Lead Data Scientist (Grabmart)
- Full-time
Company Description
About Grab and Our Workplace
Grab is Southeast Asia's leading superapp. From getting your favourite meals delivered to helping you manage your finances and getting around town hassle-free, we've got your back with everything. In Grab, purpose gives us joy and habits build excellence, while harnessing the power of Technology and AI to deliver the mission of driving Southeast Asia forward by economically empowering everyone, with heart, hunger, honour, and humility.
Job Description
Get to Know the Team
You'll join the Data Science team focused on grocery and retail services across our region. The team builds intelligent systems that make shopping more intuitive—from predicting what customers need before they search, to ensuring fresh groceries arrive on time. We work with Engineering, Product, and Operations teams to turn complex data challenges into practical solutions that serve millions of customers and merchant partners daily.
Get to Know the Role
You'll own data science projects from problem definition through to production deployment. Your work will directly shape how customers discover products, how we predict demand across neighbourhoods, and how we balance supply with real-time demand. You'll architect ML solutions, build predictive models, and deploy services that operate at scale. You'll also guide the team's technical direction and contribute to our research and IP portfolio.

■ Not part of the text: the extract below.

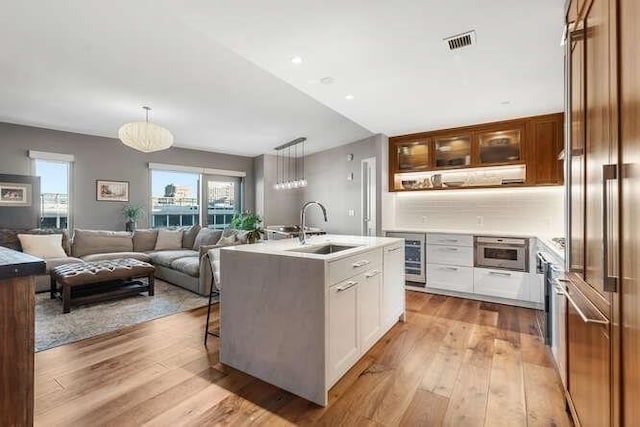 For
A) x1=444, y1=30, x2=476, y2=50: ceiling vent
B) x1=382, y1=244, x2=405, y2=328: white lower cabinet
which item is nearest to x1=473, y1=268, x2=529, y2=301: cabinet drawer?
x1=382, y1=244, x2=405, y2=328: white lower cabinet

The Critical Tasks You will Perform
You will:
- Architect and deploy agentic AI systems that predict shopping intent and power autonomous shopping assistants—allowing conversational discovery, automated reordering, and personalised recommendations for grocery and retail customers.

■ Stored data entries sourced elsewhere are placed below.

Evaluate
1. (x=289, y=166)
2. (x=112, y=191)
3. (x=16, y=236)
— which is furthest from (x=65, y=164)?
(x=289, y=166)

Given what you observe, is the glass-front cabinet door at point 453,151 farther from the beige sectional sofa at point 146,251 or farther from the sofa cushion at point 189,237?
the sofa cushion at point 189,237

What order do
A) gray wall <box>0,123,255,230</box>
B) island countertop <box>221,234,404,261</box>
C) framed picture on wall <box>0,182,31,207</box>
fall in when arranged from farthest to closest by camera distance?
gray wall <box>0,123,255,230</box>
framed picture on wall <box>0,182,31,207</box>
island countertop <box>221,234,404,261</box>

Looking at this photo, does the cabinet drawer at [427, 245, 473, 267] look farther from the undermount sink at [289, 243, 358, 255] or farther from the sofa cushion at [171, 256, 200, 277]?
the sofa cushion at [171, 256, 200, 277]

- Build spatio-temporal demand forecasting models that process complex signals (transactional, behavioral, and geospatial data) to generate granular SKU-level predictions across multiple time horizons—optimizing inventory positioning and reducing stock-outs and waste.
- Develop supply-demand balancing algorithms that use contextual signals to adjust platform visibility and nudge demand—allowing real-time optimization of merchant and driver supply allocation across neighbourhoods.
- Create predictive models for order lifecycle reliability that identify high-risk orders prone to cancellation, predict fulfillment failures due to inventory gaps, and flag transactions requiring proactive intervention—safeguarding the end-to-end delivery experience.
- Design customer targeting and segmentation models that decode unique shopping patterns to identify underserved customer segments—driving sustainable demand growth through intelligent automated targeting.
- Establish ML production standards by implementing versioning, automated testing, and performance monitoring for ML pipelines—ensuring model reliability and allowing iteration.
- Lead technical roadmap development by evaluating latest methodologies, contributing to research publications, and building intellectual property that advances our AI capabilities in commerce.
Qualifications
What Essential Skills You Will Need
Domain Knowledge
- At least 5 years of demonstrated experience building data science solutions in E-commerce, Quick-Commerce, or Marketplace environments—with specific exposure to supply chain, inventory management, or customer behaviour modelling
ML Architecture & Model Development
- Build production ML/DL models, including:
- Recommender systems for product discovery and personalization
- Time-series forecasting with geospatial features
- Optimization algorithms for resource allocation
- Classification and anomaly detection models for risk prediction
Programming & Big Data Processing
- Proficiency in Python or Scala for model development and data processing (needed for all tasks)
- Experience with distributed computing frameworks (Spark, Flink, or equivalent) for processing datasets at terabyte scale
LLM and Agentic AI Development
- Experience fine-tuning large language models and building LLM-based applications
- Hands-on experience with agentic development frameworks (LangChain, AutoGPT, CrewAI, or similar) for building multi-step autonomous workflows
MLOps & Production Systems
- Experience implementing CI/CD pipelines for ML models and deploying models to production environments
- Proficiency in model versioning, A/B testing frameworks, and real-time performance monitoring
Advanced Quantitative Foundation
- Master's degree in Machine Learning, Statistics, Computer Science, Operations Research, or related field—providing the theoretical foundation to architect complex spatio-temporal models and optimization algorithms
Additional Information
Life at Grab
We care about your well-being at Grab, here are some of the global benefits we offer:
- We have your back with Term Life Insurance and comprehensive Medical Insurance.
- With GrabFlex, create a benefits package that suits your needs and aspirations.
- Celebrate moments that matter in life with loved ones through Parental and Birthday leave, and give back to your communities through Love-all-Serve-all (LASA) volunteering leave
- We have a confidential Grabber Assistance Programme to guide and uplift you and your loved ones through life's challenges.
- Balancing personal commitments and life's demands are made easier with our FlexWork arrangements such as differentiated hours
What We Stand For at Grab
We are committed to building an inclusive and equitable workplace that enables diverse Grabbers to grow and perform at their best. As an equal opportunity employer, we consider all candidates fairly and equally regardless of nationality, ethnicity, religion, age, gender identity, sexual orientation, family commitments, physical and mental impairments or disabilities, and other attributes that make them unique.